The problem — Copy exactly the lines of the material below that fall between the line with "三条动态修改路径各自能改什么" and the line with "85, SHELFORD ROAD, TRUMPINGTON, CAMBRIDGE, CB2", both of those lines included; pictures stay out.

Data shown —
◆ ◆ ◆

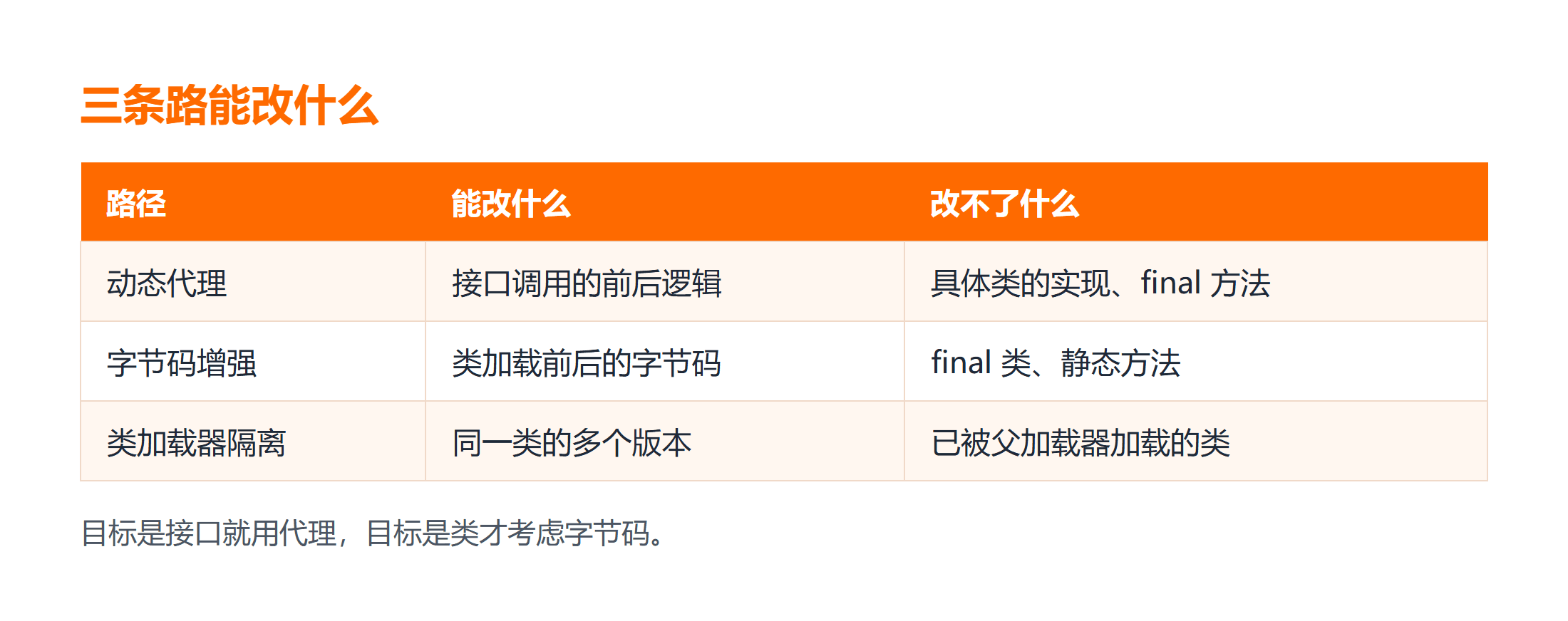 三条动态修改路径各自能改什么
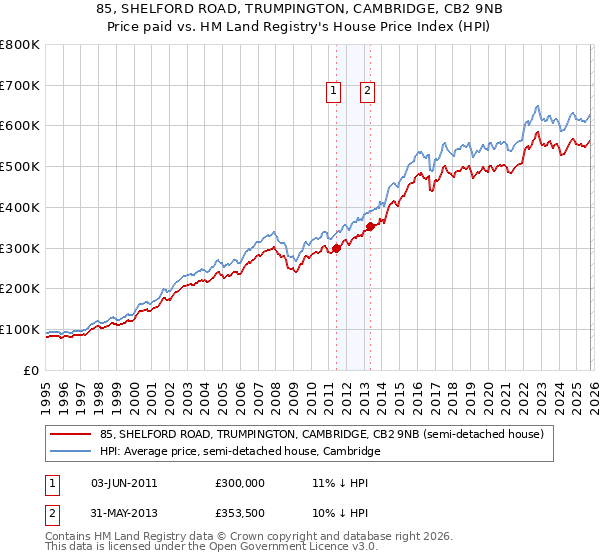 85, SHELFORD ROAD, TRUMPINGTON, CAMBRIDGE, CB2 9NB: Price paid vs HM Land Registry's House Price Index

◆ ◆ ◆

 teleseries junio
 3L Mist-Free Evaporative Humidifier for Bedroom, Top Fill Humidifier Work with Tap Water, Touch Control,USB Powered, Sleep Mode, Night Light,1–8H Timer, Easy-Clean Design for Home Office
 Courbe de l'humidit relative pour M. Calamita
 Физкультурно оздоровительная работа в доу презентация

◆ ◆ ◆

Solution to the exercise —
 三条动态修改路径各自能改什么
 85, SHELFORD ROAD, TRUMPINGTON, CAMBRIDGE, CB2 9NB: Price paid vs HM Land Registry's House Price Index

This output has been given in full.